Sources told The Globe and Mail that most Liberal MPPs are reticent to heat up the battle with teachers over the controversial Bill 115. But the Premier is one of a handful of hawks, also said to include Education Minister Laurel Broten, more disposed toward using the powers granted by that legislation to thwart plans for a series of rotating one-day strikes.
Ms. Broten is to announce Thursday morning whether the government will take pre-emptive action against the Elementary Teachers’ Federation of Ontario, which has announced that teachers at the Timmins-based North East school board and the Avon Maitland board, in Stratford, will be the first to walk out on Dec. 10.
Sources said that the union representing elementary-school teachers is planning walkouts in every public school board in the province, reaching two districts every day over the two weeks leading up to the Christmas holidays.
In a sign of the divisions within the Liberal caucus, which has not met since mid-November, most Liberal MPPs have been kept in the dark about whether the government will intervene. That includes leadership candidates vying to replace Mr. McGuinty as Premier, several of whom have expressed discomfort with the government’s hard-line stance in this year’s labour negotiations.

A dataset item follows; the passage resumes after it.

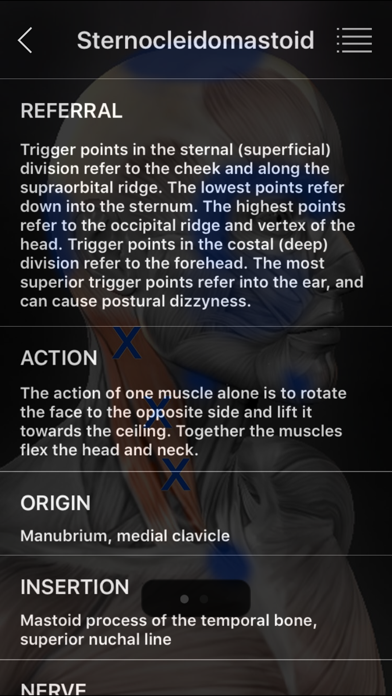 Muscle Trigger Points Screenshot 3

Mr. McGuinty, who built a now-tarnished legacy on labour peace in education, has himself previously called the fight “regrettable” and said that in retrospect he should have done more to “reach out.” But on Wednesday, he urged teachers to keep the dispute out of the classroom.
“If we can’t resolve this at the table, then let’s not try to resolve it inside our schools,” Mr. McGuinty said shortly before the date of the first walkout was announced.
If the government blocks the strike action, it will likely cite safety concerns for younger students whose parents might not be able to arrange suitable alternate plans, even with the 72-hour notice that the ETFO has promised to provide.
Elementary teachers have endorsed a plan to walk out anyway, in a day of protest, should the government move to block their strike.
About 1,000 teachers plan to picket schools and head offices at Avon Maitland and Ontario North East. Ted Doherty, director of education at Avon Maitland, said that principals and other administrators will be present in order to assist any children who may show up at school.
Elementary teachers aren’t the only ones angry at Bill 115. High school teachers, who have been on work-to-rule for nearly a month, are escalating their job action by stopping extra-curricular activities such as clubs, sports and fundraisers.
That could potentially lead to lockouts, if school boards decide that the actions of the Ontario Secondary School Teachers’ Federation make it impossible to keep classrooms open.
Negotiations between the province and elementary teachers were particularly strained from the start, with the union leaving the provincial bargaining table in February.
Bill 115, which was introduced in August, stipulates that new contracts will be imposed by the government if they are not signed by Dec. 31. Using as a framework a deal reached with the Ontario English Catholic Teachers’ Association, which ends the “banking” of sick days and will require teachers to take unpaid days off, it sets out specific requirements for any agreements between school boards and local bargaining units reached before that deadline.
The opposition Progressive Conservatives, whose support allowed Bill 115 to pass in September, have repeatedly called on Ms. Broten to invoke its provisions allowing her to block strike actions. Meanwhile, NDP Leader Andrea Horwath said Wednesday that her party would repeal the legislation – which teachers plan to challenge in court – if elected.
Mr. McGuinty has defended Bill 115 as necessary to allow the government to preserve programs such as full-day kindergarten and smaller class sizes while tackling a $14.4-billion deficit.